A brand-new yellow safety vest from the Merrimac Police Department sat in stark juxtaposition on the table to a well-worn pair of tiny pink ballet slippers from Dance Technics in Merrimac and some tattered gloves worn by gardeners at West Newbury’s Knapp’s Greenhouses for 40 years.
Doyle said the most challenging part of the collection process was getting people to understand what kind of items would make a good donation. After sending out an initial letter, Stasiuk, Doyle and Rubino followed up with phone calls — and even personal visits to donors — to explain just what this public art project was all about. But once people understood the concept, enthusiasm for the idea steadily grew.
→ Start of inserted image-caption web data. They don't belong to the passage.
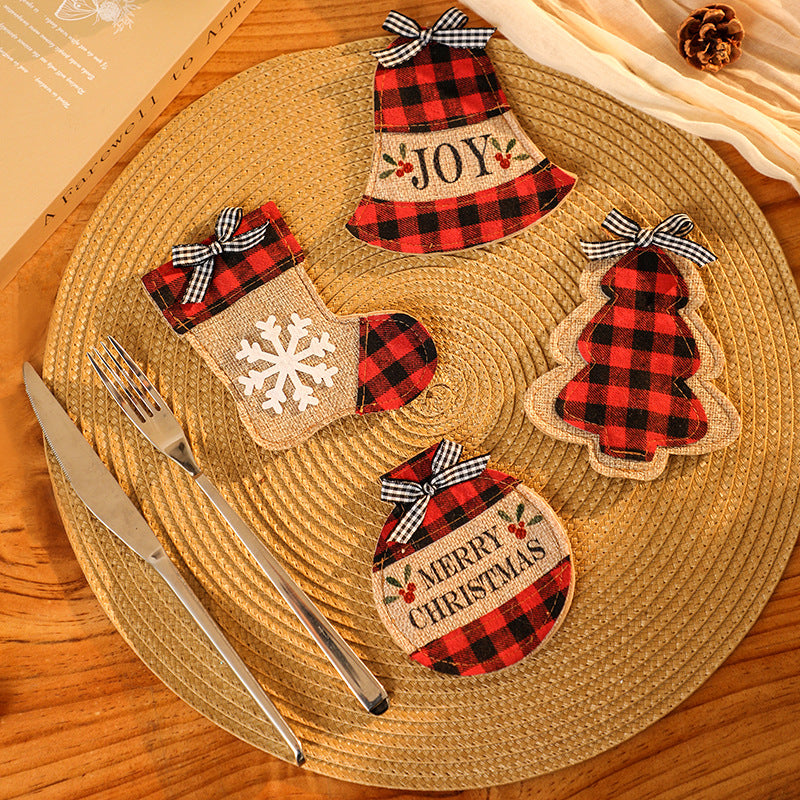 Christmas Socks Knife and Fork Set Table Decoration Embroidery Christmas Props Knife and Fork Set Christmas Decoration Pendant Julia M Home & Kitchen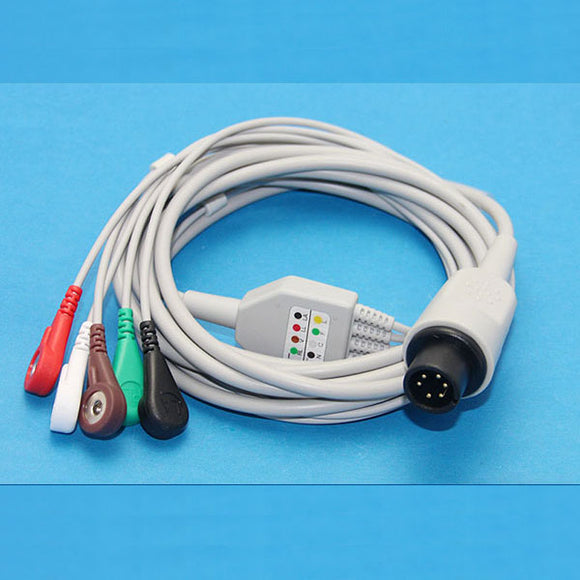 ECG Monitor Cable (Imported) invivo with 6 pin connector 5 Lead  - compatible with Criticare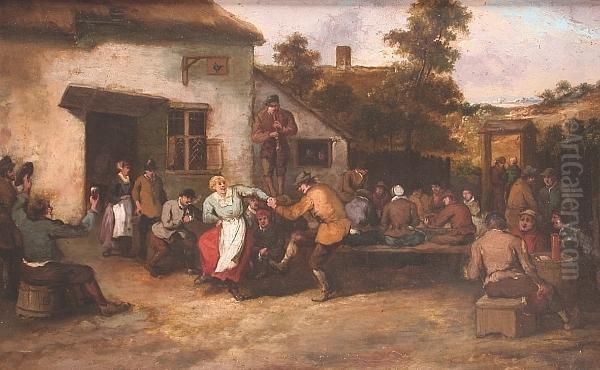 Peasants Dancing And Merrymaking
 Before A Tavern; Peasants Dancing, Drinking And Making Music In A 
Village Street Oil Painting by David The Younger Teniers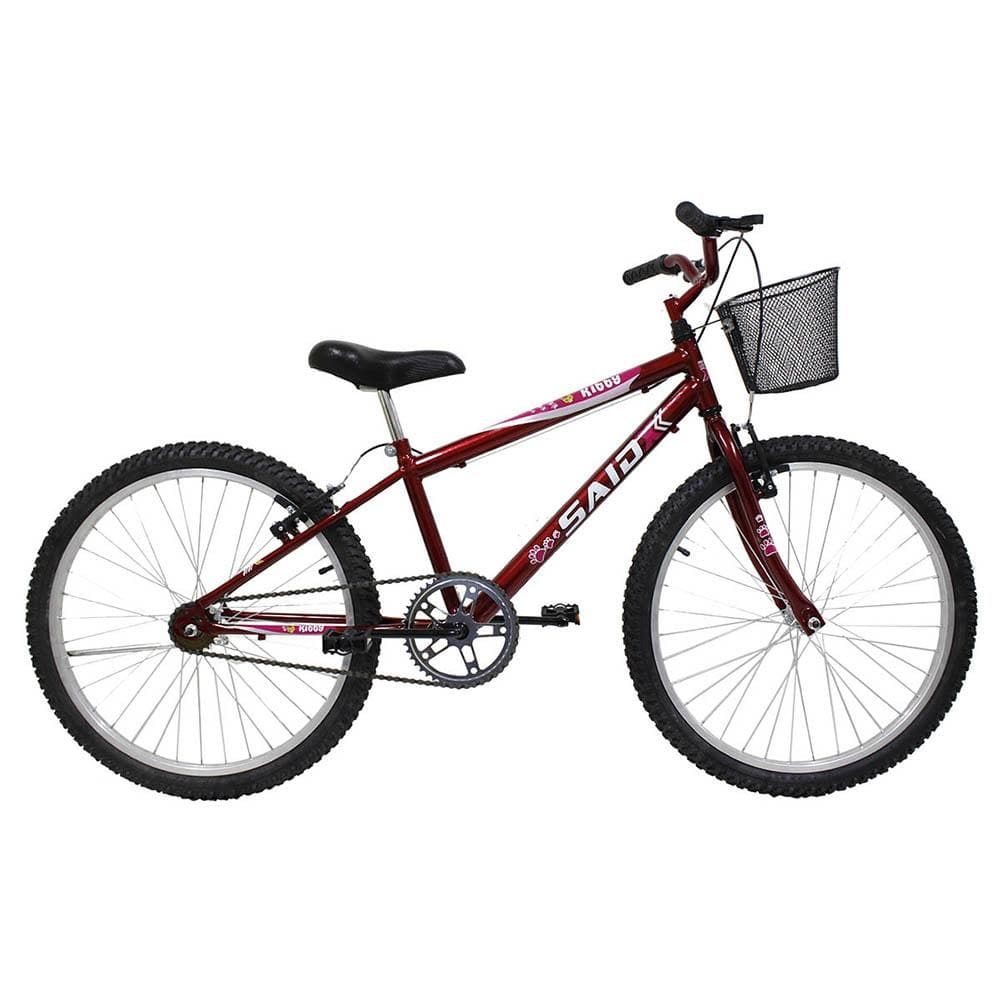 Bicicleta Aro 24 Feminina Mono Sem Marcha Com Cesta Saidx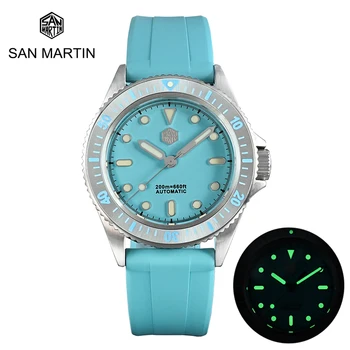 San Martin Design-ul Original de Moda Miyota 8215 Automatic Mecanic Watche Safir Cristal 20Bar 38mm Cer Albastru Dial Ceas se arunca cu capul
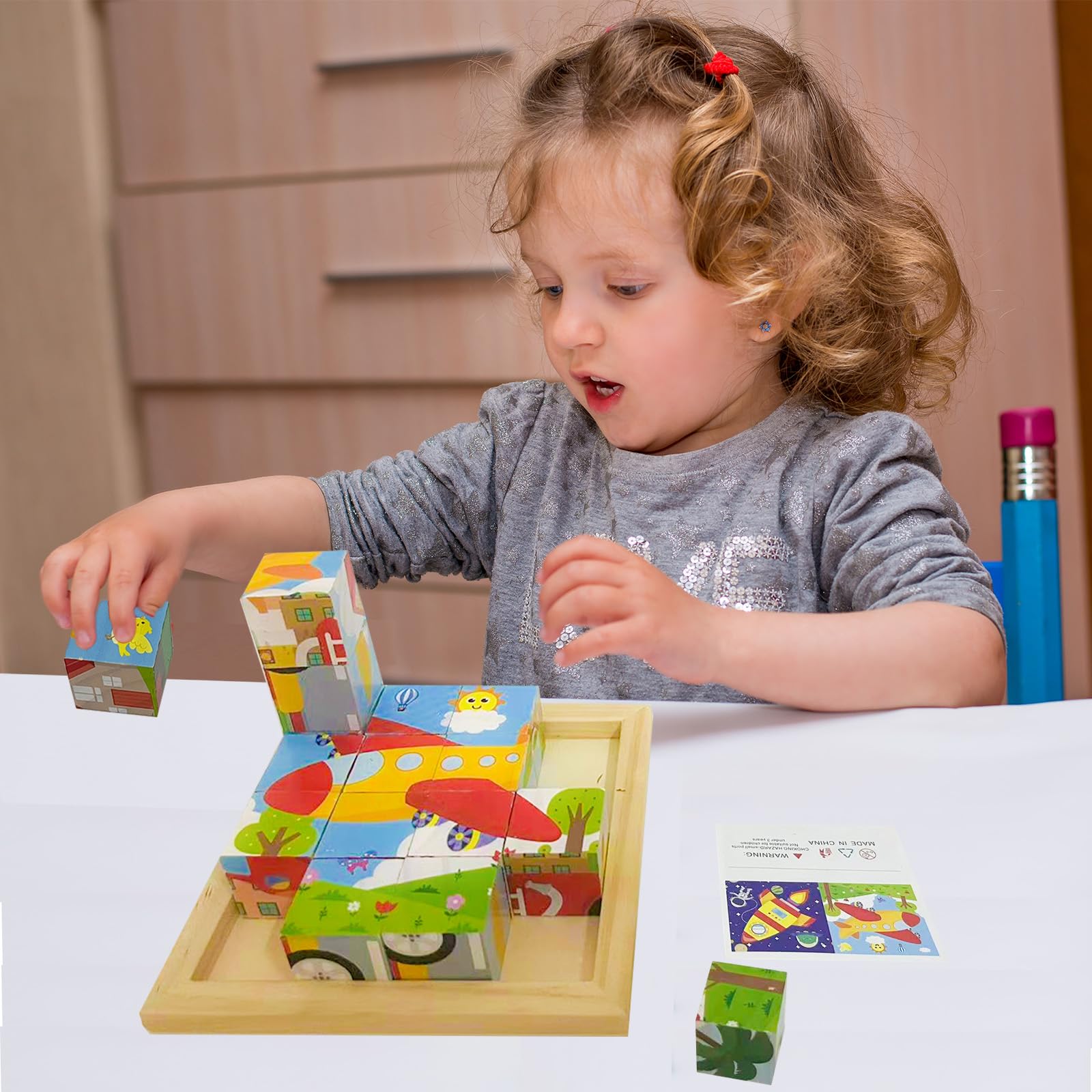 Foto 3 pulgar | Puzzle Cube Aykzaqe Con Bandeja De Almacenamiento Para Niños De 3 A 8 Años - Venta Internacional.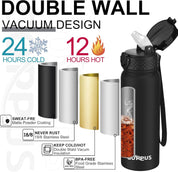 600ml Insulated Stainless Steel Water Bottle – Leakproof Flask with Straw & Strap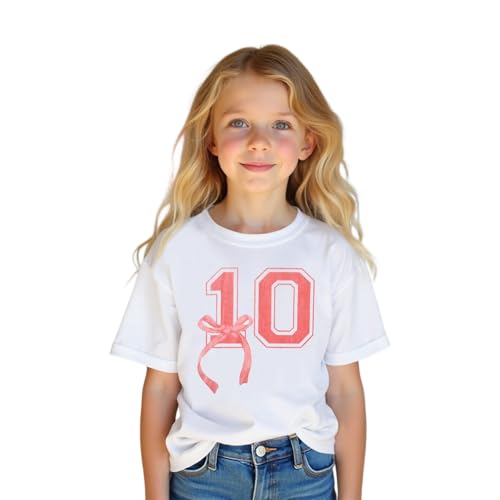 Image of Girl Birthday Shirt 10th Birthday T-Shirt Bow 10 Year Old Bday Short Sleeve Tee Top Tenth Party Outfit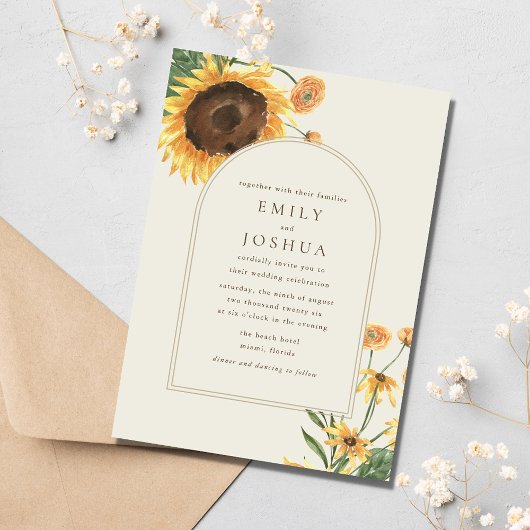 Invitation Mariage simple Sunflower Boho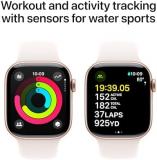 Apple Watch Series 10 GPS 42 mm Smartwatch with Rose Gold Aluminium Case with Light Blush Sport Band - S/M. Fitness Tracker, ECG App, Always-On Retina Display, Water Resistant (Renewed)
As the three women finished documenting the large collection of items, Bixby asked them to email the photos to him so he could play with some ideas digitally and start sketching out possible ways to compose his piece.
“This is the kind of piece where you don’t know the outcome prior to doing it,” Bixby said.
While making a piece of quality art out of random, unconnected objects might seem unfathomable to most people, it’s clear that Bixby considers the challenge to be part of the fun.
“There’s a lot of interesting shapes here,” he said. “Once I put it all together and shuffle them a bit, an idea is bound to come up.”
A public unveiling of the collaborative art piece is planned as part of a 10th anniversary party that the foundation is hosting for the community at the high school on May 22. The viewbook will be on hand so people can first see the individual items and then find them within Bixby’s work.
A documentary of the process created by students in Bixby’s videography class will also run during the event, Stasiuk said. Eventually, the artwork will be on permanent display at the high school.